The approach worked well integrating certain services with immunization—such as tuberculosis screening and treatment and antiretroviral treatment—but there was still a gap.

“Family planning was still a problem,” says Dr. Okoko. “These are populations that need long-term methods—IUCDs [intrauterine contraceptive devices] and implants. It’s just not practical for them to be trekking to the clinic every three months for short-term methods. You can only do so much with curtains and tents—these are intimate procedures, and you have to create privacy.”

A Practical Solution, on Four Wheels

But how do you do it effectively and practically? The answer came when Dr. Kenneth Chebet, the A2E project director, spotted a customized insulated truck one day, and noticed who had made it. The company was then hired to manufacture the health wagon.

Dr. Ruth Jahonga, an obstetrician on the A2E team, said the wagon has transformed her work. “First, we have enough space to pack all of the equipment that we need. Second, because the equipment stays in the wagon, we can control inventory and secure our materials much more effectively.”

But the best part, she says, is how it has changed things for the clients. “At first they are very curious, but when they step into the wagon, they just smile. It’s clean and cool and peaceful. I see them relax, and they can share their problems without worrying the whole community will hear them.”

“They can be honest about their sexual activities, and then we can provide appropriate care and counseling,” Dr. Jahonga added. “When they get out they are so happy, and they go and tell their friends who are waiting that it’s so nice—they look forward to going into that wagon.”

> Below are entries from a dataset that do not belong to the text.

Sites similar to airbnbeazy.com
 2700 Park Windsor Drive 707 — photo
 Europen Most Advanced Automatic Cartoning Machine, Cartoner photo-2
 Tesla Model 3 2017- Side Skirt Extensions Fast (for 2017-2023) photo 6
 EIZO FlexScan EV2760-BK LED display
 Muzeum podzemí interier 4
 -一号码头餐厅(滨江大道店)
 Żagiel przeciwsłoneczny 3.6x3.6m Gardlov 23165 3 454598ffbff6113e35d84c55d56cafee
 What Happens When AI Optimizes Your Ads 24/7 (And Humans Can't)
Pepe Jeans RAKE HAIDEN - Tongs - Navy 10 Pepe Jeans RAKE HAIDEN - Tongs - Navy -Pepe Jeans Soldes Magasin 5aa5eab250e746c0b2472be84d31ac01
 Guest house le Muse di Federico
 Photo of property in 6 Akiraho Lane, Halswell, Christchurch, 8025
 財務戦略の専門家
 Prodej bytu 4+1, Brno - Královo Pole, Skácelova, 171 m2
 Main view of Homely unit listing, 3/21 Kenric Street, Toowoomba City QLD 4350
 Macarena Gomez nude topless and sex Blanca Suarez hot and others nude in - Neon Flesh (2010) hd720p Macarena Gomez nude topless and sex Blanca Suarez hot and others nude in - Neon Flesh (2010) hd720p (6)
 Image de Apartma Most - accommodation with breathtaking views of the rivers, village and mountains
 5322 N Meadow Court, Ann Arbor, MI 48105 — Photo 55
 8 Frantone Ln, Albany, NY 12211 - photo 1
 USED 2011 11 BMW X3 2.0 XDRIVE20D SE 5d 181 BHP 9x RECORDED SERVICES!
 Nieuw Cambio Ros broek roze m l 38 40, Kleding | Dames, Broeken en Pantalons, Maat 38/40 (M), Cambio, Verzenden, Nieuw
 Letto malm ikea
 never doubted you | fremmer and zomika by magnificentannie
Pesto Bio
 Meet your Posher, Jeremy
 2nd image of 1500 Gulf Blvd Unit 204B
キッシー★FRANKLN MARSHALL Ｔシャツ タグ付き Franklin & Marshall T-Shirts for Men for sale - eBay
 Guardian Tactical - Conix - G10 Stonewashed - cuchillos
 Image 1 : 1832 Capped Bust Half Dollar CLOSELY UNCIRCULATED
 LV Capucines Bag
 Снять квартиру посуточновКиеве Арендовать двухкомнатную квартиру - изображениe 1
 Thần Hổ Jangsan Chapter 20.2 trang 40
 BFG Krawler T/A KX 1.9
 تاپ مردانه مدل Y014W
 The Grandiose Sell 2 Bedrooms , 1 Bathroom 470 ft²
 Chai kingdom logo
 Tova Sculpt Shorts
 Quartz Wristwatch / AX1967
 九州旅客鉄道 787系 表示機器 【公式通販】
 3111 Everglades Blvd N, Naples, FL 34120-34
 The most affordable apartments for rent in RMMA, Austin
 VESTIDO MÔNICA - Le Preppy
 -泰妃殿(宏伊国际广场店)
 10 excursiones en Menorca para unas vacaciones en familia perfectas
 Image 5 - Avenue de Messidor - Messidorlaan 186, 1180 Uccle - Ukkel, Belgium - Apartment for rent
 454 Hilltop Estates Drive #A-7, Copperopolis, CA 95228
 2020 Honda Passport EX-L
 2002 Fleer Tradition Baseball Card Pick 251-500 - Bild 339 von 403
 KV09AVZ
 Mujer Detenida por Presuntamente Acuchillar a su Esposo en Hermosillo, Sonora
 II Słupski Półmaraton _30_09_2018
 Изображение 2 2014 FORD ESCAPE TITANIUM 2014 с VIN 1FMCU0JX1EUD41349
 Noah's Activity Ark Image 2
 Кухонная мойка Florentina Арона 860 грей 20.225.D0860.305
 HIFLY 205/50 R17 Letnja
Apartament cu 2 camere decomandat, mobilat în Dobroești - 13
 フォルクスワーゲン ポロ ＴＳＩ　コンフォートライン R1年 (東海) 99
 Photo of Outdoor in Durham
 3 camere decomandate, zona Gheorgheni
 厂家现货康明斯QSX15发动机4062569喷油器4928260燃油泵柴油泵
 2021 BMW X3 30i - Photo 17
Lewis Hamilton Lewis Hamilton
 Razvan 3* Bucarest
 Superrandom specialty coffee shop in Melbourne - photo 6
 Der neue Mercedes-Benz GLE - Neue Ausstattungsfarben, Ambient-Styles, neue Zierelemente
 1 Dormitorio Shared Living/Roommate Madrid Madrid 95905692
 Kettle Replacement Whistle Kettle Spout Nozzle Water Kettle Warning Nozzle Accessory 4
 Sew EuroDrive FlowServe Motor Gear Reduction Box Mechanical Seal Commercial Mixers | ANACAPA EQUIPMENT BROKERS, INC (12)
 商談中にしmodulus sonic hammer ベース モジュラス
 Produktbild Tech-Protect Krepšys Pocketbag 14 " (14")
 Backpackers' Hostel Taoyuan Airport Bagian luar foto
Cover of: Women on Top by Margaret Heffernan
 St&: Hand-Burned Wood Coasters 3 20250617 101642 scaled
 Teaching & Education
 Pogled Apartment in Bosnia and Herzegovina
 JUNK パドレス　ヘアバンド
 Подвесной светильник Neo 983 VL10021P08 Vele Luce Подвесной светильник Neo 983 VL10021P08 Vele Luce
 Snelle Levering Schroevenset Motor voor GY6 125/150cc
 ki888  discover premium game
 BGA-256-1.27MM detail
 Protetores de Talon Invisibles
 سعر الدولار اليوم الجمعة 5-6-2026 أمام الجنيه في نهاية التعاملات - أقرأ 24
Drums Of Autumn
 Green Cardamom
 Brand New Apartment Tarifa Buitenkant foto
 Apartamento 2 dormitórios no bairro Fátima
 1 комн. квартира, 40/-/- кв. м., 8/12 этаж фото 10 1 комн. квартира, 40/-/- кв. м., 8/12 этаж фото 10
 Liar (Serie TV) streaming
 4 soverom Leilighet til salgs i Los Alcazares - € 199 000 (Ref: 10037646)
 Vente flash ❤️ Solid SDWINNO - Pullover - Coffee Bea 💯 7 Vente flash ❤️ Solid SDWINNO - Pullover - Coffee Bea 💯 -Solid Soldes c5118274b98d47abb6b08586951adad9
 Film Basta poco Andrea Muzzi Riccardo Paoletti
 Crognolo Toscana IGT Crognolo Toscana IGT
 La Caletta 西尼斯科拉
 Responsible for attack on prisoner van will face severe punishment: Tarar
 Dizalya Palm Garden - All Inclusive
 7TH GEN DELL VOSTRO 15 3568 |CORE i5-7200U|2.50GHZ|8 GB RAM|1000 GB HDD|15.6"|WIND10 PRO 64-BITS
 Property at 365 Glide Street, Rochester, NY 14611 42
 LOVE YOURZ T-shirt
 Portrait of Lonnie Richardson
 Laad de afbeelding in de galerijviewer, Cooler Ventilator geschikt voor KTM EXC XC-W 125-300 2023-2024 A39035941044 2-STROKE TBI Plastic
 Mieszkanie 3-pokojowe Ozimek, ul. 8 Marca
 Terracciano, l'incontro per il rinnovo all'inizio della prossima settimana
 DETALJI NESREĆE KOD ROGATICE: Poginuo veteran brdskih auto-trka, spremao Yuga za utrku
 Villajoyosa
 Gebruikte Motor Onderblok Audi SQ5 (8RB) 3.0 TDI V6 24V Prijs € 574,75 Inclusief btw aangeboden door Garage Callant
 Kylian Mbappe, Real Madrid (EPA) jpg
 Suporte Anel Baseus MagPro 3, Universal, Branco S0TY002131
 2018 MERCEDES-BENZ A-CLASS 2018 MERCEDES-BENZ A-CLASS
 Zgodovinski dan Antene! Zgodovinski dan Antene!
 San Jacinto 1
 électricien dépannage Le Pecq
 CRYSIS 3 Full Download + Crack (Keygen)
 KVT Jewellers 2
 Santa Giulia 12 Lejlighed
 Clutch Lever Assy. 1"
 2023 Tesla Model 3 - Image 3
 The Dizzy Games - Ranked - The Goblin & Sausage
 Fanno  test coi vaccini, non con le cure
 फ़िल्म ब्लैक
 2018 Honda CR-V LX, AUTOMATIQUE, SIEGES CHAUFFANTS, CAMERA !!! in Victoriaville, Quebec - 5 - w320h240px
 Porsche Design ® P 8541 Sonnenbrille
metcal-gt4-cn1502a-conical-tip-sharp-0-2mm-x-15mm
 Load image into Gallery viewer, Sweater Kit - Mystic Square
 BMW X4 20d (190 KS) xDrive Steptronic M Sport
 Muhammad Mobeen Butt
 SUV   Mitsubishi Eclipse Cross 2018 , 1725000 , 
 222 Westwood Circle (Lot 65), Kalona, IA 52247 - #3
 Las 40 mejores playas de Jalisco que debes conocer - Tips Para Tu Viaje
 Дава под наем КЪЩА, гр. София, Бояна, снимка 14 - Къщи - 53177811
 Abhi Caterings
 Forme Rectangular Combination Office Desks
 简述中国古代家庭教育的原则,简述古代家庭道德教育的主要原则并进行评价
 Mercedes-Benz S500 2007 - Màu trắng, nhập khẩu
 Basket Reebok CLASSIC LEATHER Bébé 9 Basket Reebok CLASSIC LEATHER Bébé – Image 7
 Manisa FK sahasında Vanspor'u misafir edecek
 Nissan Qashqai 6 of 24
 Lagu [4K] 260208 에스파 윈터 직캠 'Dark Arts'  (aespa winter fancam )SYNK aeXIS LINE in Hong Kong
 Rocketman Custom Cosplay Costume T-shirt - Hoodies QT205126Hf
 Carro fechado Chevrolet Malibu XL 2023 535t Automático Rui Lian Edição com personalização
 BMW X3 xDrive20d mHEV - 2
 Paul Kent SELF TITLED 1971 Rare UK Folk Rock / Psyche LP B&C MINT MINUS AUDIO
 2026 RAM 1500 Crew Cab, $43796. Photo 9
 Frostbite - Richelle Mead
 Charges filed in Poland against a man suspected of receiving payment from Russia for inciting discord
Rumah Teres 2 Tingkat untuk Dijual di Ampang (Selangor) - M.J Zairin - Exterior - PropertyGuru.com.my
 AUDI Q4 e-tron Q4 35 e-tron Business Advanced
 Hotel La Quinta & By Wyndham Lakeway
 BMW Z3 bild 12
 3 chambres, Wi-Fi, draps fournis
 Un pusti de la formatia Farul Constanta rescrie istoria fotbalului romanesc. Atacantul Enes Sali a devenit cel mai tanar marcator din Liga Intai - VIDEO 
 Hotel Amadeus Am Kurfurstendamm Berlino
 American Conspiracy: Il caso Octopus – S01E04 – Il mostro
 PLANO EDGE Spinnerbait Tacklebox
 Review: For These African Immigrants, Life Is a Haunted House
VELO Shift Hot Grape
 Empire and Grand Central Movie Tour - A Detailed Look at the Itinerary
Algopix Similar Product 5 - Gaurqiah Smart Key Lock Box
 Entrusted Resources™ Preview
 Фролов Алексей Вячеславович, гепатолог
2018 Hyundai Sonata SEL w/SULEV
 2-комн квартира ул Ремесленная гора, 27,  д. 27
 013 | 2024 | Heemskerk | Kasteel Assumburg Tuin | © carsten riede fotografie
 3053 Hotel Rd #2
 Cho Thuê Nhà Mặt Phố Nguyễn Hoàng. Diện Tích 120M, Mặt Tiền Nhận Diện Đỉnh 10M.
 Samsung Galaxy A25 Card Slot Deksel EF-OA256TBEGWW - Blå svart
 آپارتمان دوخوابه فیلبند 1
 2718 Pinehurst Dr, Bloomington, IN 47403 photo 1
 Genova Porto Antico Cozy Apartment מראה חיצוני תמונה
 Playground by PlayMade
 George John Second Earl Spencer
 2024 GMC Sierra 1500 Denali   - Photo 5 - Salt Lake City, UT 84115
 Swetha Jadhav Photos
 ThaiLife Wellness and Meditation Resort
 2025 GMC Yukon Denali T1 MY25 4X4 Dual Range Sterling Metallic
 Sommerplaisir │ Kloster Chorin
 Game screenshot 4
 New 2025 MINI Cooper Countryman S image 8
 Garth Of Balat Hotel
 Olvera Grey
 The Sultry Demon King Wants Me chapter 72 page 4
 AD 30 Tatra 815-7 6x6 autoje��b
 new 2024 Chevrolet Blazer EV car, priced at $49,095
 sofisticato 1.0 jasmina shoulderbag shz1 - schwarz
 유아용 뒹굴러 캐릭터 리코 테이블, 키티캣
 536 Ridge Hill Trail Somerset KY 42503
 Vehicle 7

A health wagon can make one circuit a week covering two market centers and attending to at least 600 clients—mostly women and children under age 5—at each stop. This amounts to roughly 5,000 clients a month. The health wagon’s regular circuit ensures that families that had been unable to access health services can do so now.

There is one problem with the wagon—there’s only one. Planners are working to secure additional health wagons so each of Kenya’s counties can have one.

“I wish there were five of these for Eastern,” says Dr. Okoko. “If we could have many of them going every day, it would make a real difference. We could take them everywhere—not just to facilities. With the caravans, we could create a clinic anywhere.”